My parenting prayer.

Sunday, July 24, 2016

These photos were taken on our happy family vacation last month on the eastern coast of North Carolina. "Vacation," of course, is a loose term with a preschooler and a toddler in tow, but we savored the family time away from our normal commitments and work.

Our babies are growing like weeds. Liam is quite intelligent at 3 and a half, using words like "exasperated" and pulling things apart just to put them back together again. His energy is endless and consumes most of our energy as parents. I must answer 100 questions a day. His enthusiasm for life  is contagious. This fall he'll start soccer, and I think it'll be a great fit. 

Lanie (18 months) is sweet as pie, sings "Holy, Holy" on repeat, and toddles around with her belly about 5 inches ahead of the rest of her body and some sass in her step. Just her presence brings our family so much delight.

Even at this stage, it's so easy to play the comparison game in parenting. What preschools should I consider? Are we reading to them enough? Am I planning enough brain-stimulating activities? Do we spend enough time outside? It's exhausting. 

This morning, I read through Colossians 1 and was convicted and encouraged by the Holy Spirit to hone in on what truly matters as Liam and Lanie's parent. I plan to memorize this so that in those moments where I question if what I'm doing is enough, I can remember these words that bring truth and life. 

From Colossians 1:9-12:

Liam and Lanie,
"We continually ask God to fill you with the knowledge of his will through all the wisdom and understanding that the Spirit gives, so that you may live a life worthy of the Lord and please him in every way: bearing fruit in every good work, growing in the knowledge of God, being strengthened with all power according to his glorious might so that you may have great endurance and patience, and giving joyful thanks to the Father, who has qualified you to share in the inheritance of his holy people in the kingdom of light." 

What a prayer! What hope! When I bring myself back to Scripture and find such a clear picture for what we truly desire for our kids, it's easy to cast the other things aside. Just this morning, I watched Liam gently brush Lanie's hair, and I heard him ask if we could help the homeless person on the side of the street. I watched Lanie pick up her toys just as I'd asked. I'm beginning to see tiny seeds sprouting - gentleness, kindness, self-control, love, joy - that show me that Jesus is bearing fruit in their lives. 

Life as mommy and nurse.

Wednesday, May 25, 2016

If you have a toddler and a preschooler at home like I do, I don't have to tell you that our days are packed. From the moment Liam and Lanie are awake, we're juggling the day like spinning plates, shuffling between play dates and storytimes at the library and Costco runs and trips to the park. When we're home, we manage nap times and snacks and attempt to keep our living room (and really, every room) from looking like a war zone. Let's be honest: life with two little ones often feels like a war zone. There's pushing and crying and spills and tantrums and stinky diapers... all at once. There have been times I've run into my bathroom and closed the door to just have a couple minutes alone, only to hear two little pairs of feet tracking right behind, begging for Mommy on the other side of the door.
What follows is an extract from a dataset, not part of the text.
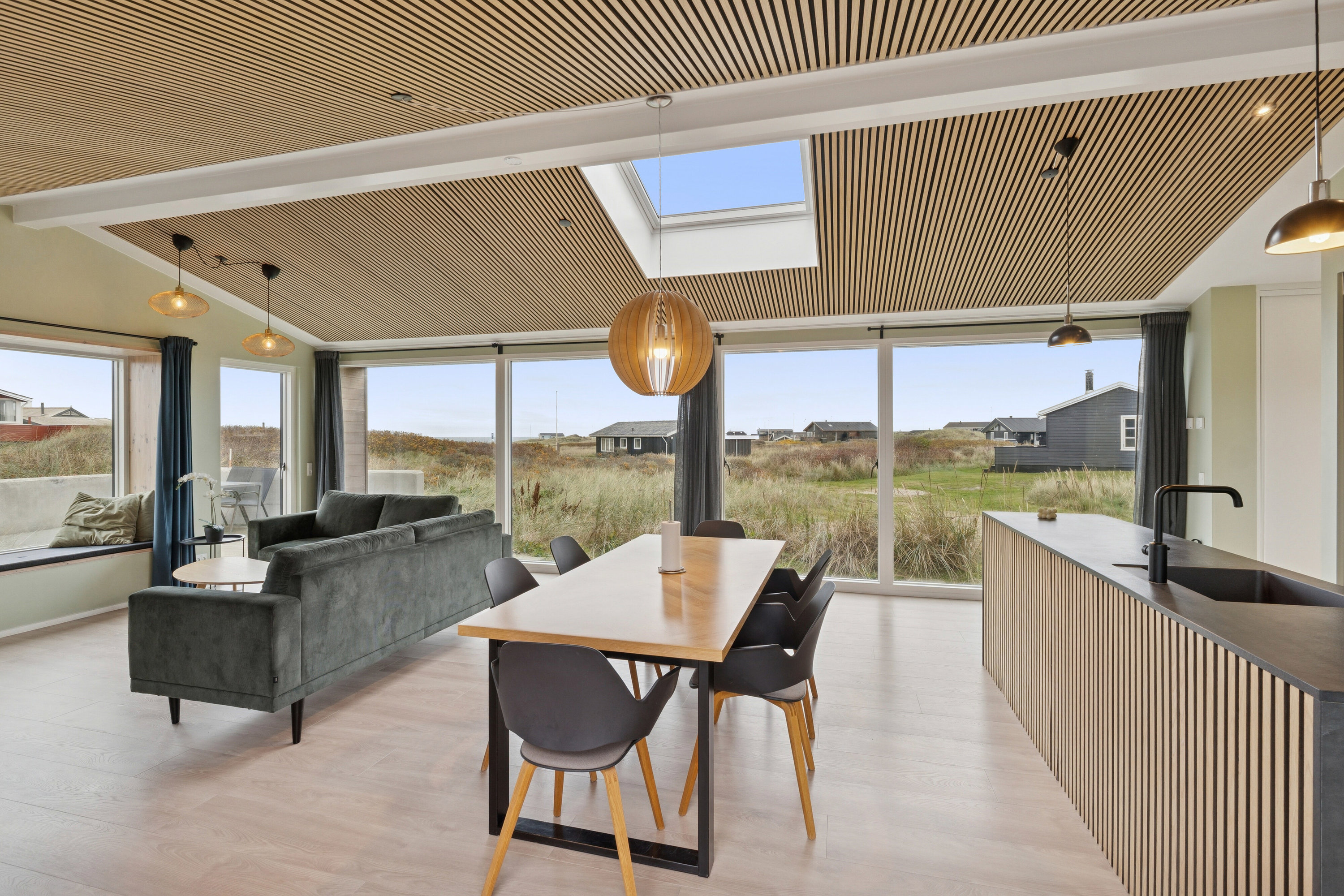 Fremhævet spisestue billede i fuldskærmstilstand. Billede af Bækrenden 1, Lønstrup, 9800 Hjørring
On the days that I work as a nurse, our babysitter arrives 30 minutes before I have to leave so I have a rare, uninterrupted few moments to put on my scrubs and mascara and gather myself before the next 9 hours begin. On my 12-minute drive from my house to the hospital parking garage, I often sit in silence. I take deep breaths and even think a few complete thoughts during the quietest part of my entire day.

A few minutes later, the elevator doors open onto the fifth floor. There's always a flurry of activity on the floor, whether it's a family member standing at the desk with a grimace on her face or a psychiatric patient screaming out from his room. I work on a busy medical floor where all of my patients carry a different diagnosis and diverse needs.

Just the other night, I had a particularly heavy patient load, with patients whose rooms were spread out on every corner of our unit. I dashed between rooms, delivering medications, repositioning patients in bed, wiping sweat from my forehead. One of my patients was nearing the end of her life, her bed surrounded by teary-eyed loved ones, as I monitored her oxygen levels and did my best to kept her comfortable. Another patient was vomiting violently. Another had just been transferred from the ICU and had multiple wounds that had soaked right through the dressings. My fourth and final patient - a mostly independent woman who was there to receive IV antibiotics - called out to the desk and told the secretary she needed to see her nurse right now. So I finished emptying a bucket of vomit, made sure my dying patient was still breathing, and hustled down to the end of the hall.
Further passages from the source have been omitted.